The Globe Nails a Parking Violator
My high school principal drove a black Mitsubishi Eclipse with an easily-identifiable vanity plate. So you can imagine the fun a bunch of high schoolers had behind her back when a local paper ran a story about people who repeatedly got caught speeding — a piece that featured a woman in a black Mitsubishi Eclipse with a vanity plate who was issued two speeding tickets in one day.
The same schadenfreude-inspired church giggles must be spreading around the offices of Greenbaum, Nagel, Fisher & Hamelburg this morning after the Globe outs one of the firm’s lawyers for using a handicapped placard that belonged to his dead mother.

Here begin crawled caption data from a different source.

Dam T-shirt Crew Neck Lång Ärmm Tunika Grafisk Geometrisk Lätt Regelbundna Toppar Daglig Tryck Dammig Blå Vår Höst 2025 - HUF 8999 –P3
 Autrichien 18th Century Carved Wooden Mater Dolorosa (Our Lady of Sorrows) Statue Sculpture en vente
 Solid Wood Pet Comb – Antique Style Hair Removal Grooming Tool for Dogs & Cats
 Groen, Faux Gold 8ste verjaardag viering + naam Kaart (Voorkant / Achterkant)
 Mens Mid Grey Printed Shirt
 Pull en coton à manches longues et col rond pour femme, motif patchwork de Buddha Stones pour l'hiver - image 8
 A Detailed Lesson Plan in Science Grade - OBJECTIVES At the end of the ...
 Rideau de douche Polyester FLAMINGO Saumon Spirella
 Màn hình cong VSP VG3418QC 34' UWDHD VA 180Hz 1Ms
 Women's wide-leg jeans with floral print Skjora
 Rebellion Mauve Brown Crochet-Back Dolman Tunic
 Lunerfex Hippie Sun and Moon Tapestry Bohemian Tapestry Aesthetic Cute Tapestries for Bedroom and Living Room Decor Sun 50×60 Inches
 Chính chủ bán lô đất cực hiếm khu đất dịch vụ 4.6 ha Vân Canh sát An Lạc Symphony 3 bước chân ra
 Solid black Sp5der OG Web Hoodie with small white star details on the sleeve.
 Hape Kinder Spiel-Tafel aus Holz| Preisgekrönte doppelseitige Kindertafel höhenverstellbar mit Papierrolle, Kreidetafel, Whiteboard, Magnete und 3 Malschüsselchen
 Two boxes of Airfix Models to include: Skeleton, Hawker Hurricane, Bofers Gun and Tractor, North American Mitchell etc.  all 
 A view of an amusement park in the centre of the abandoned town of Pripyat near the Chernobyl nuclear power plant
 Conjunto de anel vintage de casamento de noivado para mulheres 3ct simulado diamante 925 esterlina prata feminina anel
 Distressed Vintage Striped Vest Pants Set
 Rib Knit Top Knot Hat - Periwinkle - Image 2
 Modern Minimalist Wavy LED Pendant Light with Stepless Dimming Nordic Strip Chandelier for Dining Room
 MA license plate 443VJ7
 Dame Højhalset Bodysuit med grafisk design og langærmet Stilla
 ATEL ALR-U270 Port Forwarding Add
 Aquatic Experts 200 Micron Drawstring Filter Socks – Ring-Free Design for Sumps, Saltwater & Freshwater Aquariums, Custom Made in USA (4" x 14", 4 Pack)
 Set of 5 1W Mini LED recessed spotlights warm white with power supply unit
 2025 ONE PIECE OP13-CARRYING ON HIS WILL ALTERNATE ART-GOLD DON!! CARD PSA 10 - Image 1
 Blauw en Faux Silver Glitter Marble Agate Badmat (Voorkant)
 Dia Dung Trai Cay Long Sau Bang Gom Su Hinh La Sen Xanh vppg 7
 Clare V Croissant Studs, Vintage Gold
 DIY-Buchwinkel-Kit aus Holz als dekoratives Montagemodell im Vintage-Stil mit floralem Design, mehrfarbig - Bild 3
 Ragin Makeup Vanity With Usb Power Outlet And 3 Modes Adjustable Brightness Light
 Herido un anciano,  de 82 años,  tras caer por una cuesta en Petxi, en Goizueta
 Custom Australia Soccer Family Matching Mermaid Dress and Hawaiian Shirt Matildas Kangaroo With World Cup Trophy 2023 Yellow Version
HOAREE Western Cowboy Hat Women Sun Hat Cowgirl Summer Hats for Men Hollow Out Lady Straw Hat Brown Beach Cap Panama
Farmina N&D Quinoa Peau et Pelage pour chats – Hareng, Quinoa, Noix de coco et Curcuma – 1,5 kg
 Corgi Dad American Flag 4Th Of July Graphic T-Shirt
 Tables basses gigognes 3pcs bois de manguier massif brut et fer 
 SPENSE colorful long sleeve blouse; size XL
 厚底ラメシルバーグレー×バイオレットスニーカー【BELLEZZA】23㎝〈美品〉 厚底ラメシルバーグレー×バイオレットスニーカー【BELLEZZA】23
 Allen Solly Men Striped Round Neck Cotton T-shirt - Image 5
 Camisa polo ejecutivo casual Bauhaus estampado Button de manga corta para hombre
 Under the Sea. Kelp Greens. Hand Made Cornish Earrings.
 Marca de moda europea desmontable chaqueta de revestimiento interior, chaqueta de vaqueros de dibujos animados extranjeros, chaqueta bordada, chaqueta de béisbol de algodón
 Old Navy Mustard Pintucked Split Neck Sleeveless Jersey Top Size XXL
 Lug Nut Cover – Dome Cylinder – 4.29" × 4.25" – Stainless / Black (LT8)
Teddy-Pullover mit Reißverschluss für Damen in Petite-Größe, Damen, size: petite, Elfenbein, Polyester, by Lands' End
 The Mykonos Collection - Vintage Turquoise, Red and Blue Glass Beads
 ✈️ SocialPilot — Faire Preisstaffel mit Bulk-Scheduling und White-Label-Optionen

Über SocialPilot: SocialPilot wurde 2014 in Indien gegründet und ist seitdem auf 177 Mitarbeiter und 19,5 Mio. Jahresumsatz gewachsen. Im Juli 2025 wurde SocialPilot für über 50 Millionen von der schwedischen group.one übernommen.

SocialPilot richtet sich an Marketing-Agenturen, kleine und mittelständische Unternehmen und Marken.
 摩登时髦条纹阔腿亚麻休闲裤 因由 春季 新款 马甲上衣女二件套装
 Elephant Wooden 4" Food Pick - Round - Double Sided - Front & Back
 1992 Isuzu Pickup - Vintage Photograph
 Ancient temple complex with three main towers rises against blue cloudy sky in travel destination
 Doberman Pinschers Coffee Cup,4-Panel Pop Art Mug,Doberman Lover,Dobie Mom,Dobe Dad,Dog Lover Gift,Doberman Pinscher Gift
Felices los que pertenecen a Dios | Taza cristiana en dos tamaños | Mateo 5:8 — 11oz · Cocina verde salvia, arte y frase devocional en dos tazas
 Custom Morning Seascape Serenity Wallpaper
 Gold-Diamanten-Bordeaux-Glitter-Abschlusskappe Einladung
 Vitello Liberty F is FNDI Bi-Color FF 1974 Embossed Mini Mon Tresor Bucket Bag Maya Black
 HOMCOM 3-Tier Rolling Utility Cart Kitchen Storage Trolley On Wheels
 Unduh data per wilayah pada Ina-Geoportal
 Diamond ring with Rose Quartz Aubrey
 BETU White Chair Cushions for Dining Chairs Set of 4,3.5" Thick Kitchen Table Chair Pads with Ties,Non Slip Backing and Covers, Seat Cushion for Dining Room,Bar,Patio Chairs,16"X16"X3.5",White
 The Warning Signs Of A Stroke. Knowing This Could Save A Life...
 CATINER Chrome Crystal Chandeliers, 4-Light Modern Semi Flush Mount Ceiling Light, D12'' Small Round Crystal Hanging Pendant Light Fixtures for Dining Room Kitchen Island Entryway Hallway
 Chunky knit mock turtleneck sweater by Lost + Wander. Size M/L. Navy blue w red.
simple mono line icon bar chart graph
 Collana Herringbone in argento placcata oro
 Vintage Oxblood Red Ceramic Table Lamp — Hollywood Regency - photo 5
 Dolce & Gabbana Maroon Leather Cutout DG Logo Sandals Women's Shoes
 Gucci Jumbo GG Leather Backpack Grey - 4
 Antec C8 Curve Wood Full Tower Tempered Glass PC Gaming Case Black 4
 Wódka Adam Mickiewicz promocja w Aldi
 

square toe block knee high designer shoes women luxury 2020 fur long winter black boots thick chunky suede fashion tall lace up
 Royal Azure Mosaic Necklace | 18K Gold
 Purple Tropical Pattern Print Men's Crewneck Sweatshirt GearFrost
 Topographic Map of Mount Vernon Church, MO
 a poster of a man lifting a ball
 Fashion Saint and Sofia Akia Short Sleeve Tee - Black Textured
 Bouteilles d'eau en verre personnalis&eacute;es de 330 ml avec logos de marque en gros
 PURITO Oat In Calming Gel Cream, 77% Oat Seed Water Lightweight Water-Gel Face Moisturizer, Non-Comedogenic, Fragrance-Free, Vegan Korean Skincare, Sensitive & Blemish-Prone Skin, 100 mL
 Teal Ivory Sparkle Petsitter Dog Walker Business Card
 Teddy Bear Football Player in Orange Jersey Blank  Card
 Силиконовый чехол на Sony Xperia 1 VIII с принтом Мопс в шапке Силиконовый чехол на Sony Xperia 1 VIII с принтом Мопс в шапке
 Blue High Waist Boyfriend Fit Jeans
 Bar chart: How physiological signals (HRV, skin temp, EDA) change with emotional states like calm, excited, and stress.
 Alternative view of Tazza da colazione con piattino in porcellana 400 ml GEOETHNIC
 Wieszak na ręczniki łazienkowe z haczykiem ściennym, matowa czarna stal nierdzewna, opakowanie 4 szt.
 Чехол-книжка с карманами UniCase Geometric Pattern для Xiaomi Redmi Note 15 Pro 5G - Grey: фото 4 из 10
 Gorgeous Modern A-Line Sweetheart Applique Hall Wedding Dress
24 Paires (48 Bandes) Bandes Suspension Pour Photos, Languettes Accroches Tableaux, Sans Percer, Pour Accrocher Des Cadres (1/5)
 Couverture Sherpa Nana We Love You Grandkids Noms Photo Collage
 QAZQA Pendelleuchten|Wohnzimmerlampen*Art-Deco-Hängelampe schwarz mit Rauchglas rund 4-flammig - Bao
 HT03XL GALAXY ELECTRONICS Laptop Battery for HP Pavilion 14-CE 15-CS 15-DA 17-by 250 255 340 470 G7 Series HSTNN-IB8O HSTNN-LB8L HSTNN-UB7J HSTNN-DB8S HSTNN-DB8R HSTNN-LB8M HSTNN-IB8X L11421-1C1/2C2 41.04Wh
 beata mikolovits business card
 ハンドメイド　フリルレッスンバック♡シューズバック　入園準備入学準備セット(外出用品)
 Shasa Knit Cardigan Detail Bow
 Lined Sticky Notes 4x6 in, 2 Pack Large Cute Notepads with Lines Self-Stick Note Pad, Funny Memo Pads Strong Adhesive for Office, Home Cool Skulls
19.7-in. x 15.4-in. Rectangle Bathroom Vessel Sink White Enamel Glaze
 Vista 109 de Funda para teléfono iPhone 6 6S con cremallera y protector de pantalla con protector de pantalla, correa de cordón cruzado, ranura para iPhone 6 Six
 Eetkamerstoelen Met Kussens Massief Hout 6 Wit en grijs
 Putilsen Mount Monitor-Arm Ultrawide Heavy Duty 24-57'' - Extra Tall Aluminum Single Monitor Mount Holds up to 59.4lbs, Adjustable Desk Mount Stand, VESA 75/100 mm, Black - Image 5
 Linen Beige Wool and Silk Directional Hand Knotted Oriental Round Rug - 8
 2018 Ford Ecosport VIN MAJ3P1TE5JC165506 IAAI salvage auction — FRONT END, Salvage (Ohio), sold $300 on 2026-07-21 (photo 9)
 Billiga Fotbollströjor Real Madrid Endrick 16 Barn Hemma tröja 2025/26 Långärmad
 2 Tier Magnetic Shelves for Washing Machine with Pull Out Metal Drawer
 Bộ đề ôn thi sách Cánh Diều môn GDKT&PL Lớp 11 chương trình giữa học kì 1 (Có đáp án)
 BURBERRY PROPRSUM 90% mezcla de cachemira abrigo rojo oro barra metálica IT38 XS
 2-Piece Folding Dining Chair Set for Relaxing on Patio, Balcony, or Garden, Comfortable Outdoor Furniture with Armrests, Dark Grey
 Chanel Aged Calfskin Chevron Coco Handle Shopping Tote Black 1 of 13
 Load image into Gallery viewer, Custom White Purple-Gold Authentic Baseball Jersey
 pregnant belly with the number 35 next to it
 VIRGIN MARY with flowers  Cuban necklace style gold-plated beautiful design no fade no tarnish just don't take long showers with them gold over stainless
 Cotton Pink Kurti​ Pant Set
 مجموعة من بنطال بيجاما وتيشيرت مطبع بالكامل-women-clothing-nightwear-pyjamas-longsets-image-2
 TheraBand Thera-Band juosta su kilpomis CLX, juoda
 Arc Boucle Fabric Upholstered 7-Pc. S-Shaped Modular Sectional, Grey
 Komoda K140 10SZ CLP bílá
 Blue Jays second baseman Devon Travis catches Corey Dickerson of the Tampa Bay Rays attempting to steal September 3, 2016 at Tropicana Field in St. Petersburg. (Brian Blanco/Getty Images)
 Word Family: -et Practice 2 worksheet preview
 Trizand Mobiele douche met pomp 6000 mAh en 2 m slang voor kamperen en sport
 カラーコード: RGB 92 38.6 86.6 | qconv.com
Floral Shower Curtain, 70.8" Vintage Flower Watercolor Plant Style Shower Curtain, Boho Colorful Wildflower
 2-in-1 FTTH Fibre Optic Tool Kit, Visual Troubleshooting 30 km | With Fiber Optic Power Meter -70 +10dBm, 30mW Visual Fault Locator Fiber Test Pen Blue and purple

State Police are cracking down on people who illegally use the handicapped permits to score prime parking spots. The paper of record gives us the story of Gerald Hamelburg, a loaded lawyer who (allegedly) used his mother’s placard to avoid paying hefty garage rates in the Financial District.
Hamelburg, who has two Mercedes vehicles, a Lexus, a BMW, and a Jeep registered at his address, was a target of the original probe, but kept eluding investigators. . . Investigators observed him illegally using the placard about six times, but he was able to move the car before State Police arrived to ticket him, the office said.
But last week, the po-po finally caught up with him.
“He denied that he was ‘displaying’ the placard,” wrote the investigator, who videotaped this week’s exchange, “and stated that it was merely ‘hanging there.'”
If you’re the kind of a jerk who can afford to park his Lexus in a garage but instead takes handicapped spots from people who need them, we can only imagine the delight your underlings are taking in your very public shaming.